Hey Folks, question about queueing. Suppose I hav...
# flyte-support
r
Hey Folks, question about queueing. Suppose I have 5 CPUs and 10 workflows that each need 1 CPU. I launch all the workflows and they all start concurrently, but some obviously get queued because there are only 5 CPUs available. The Flyte WebUI shows the queued jobs as "Running" when they are actually (technically) in a "queued" or "pending" state... is there any way to get the "pending" report in the WebUI? I see this behavior in e.g. the Flyte Sandbox, am curious if the behavior changes in ... perhaps the non-single-binary install of Flyte?

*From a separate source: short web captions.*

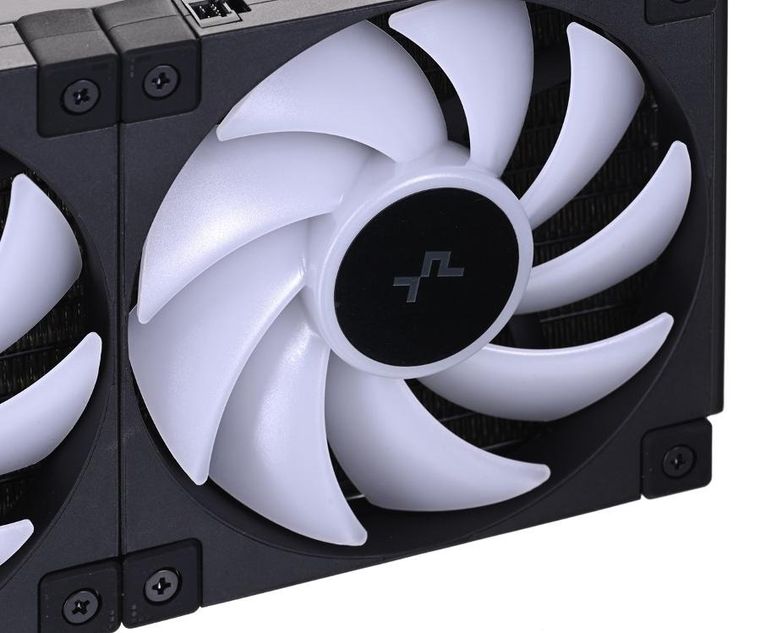 Deepcool, chłodzenie wodne, R-LD240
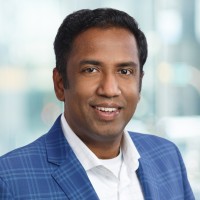 Suresh Durairaj, CISSP, CISA, CIPP, ITIL, PMP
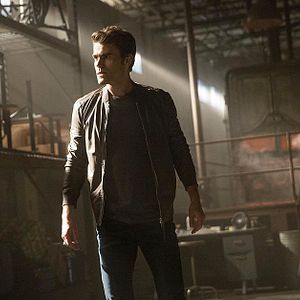 Foto The Vampire Diaries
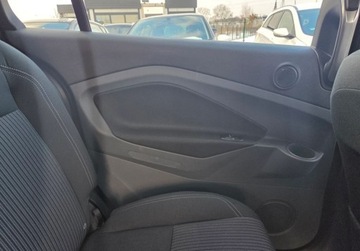 Ford C-MAX II Minivan 1.0 EcoBoost 125KM 2014 Ford C-MAX 1.0B-Nowy Silnik 125KM Grz.SzybaFotele KameraParkasist Faktura, zdjęcie 18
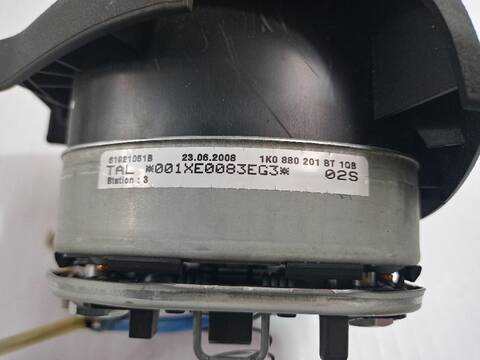 Foto 3ª: Airbag Delantero Izquierdo Volkswagen Passat INDIVIDUAL 140CV (2005)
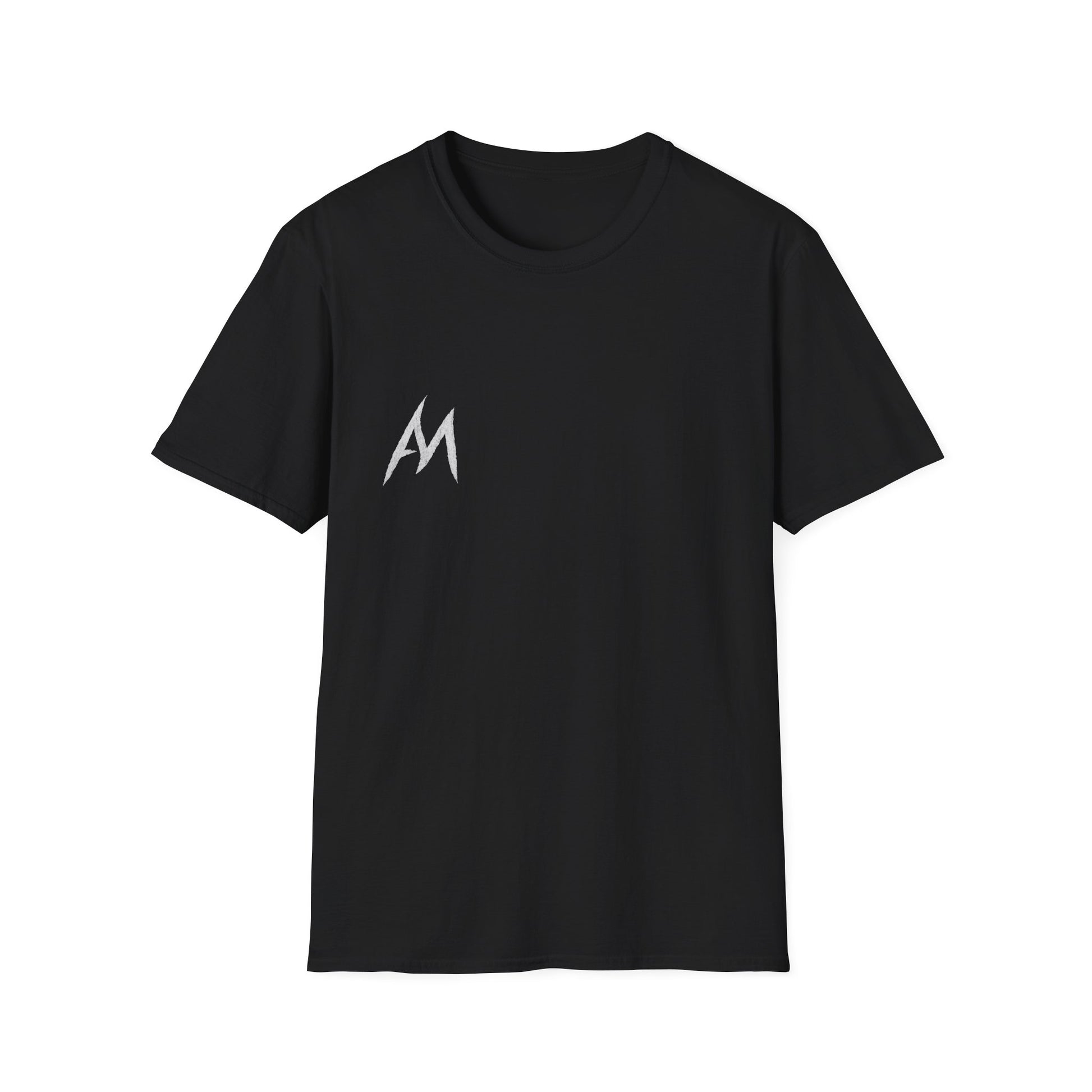 Claws Unisex T-Shirt black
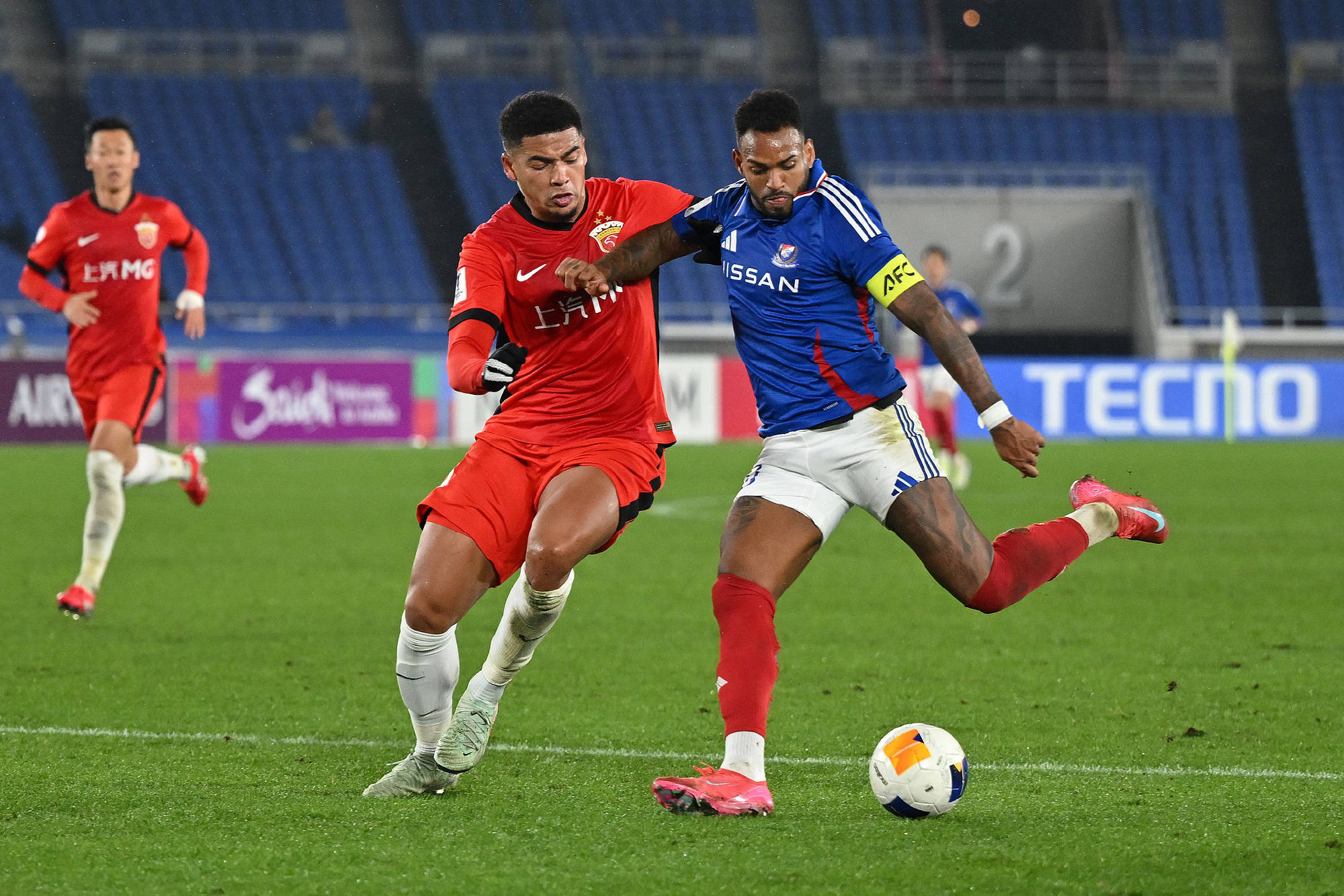 卢森堡输给横滨水手,欧国联梦醒 卢森堡输给横滨水手,欧国联梦醒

any thoughts maybe @average-finland-92144 ? I see that in
map_task
that there are tasks in a
queued
state until they run
a
Hey @rapid-artist-48509 I think it has to do with the source of the phase that is reported to the UI. Flyte's execution engine dispatches the execution to the K8s API and, considering it left the propeller queue and has an assigned worker, it's considered to be in a "Running" phase even if it's Pending in K8s. Same goes for map_tasks where the
queued
state may refer to propeller's own queue and not the underlying K8s scheduler
Does that make sense?
r
oh got it, thank you! So, I believe I configured my domain/project so that it has a
task_resources.limits.cpu
of 5. Then I launch 10 workflows... doesn't that mean that some of the workflows / tasks should be queued by the Flyte Propeller then? I'm using single binary deployment-- does the Propeller workflow queueing still work here, or does it need the non-single-binary deployment? Maybe I need to double-check my domain/project limits... I can totally believe if the limits are actually very high (unlimited) then Propeller is just gonna throw everything at K8s and let K8s figure it out.
a
this is not related to the Helm chart you used to deploy Flyte. flytepropeller has an execution queue that is processed in response to certain events but, if it's reported as
queued
, it's because it's in the propeller queue, once it's dispatched to K8s the phase is considered to be
Running
Notice that
queued
is not a Kubernetes Pod phase, so once it leaves the propeller queue it's up to the K8s scheduler to accomodate the resources so the Pods get to completion. If any error arises, the execution goes back to the queue but
Pending
due to resources constraints is not a trigger there. I hope this is somewhat clear to you
r
thank you!
@average-finland-92144 do you have the new version of that link? it's now broken because it forwards to a union.ai landing page
yeah i cannot find the architecture page anymore on https://www.union.ai/docs/flyte/user-guide/
b
Hi @rapid-artist-48509. We caught up with more links. This one should work now as before: https://docs.flyte.org/en/latest/user_guide/concepts/component_architecture/flytepropeller_architecture.html#workqueue-workerpool
r
sweeet thank you @bulky-gold-93144 @average-finland-92144!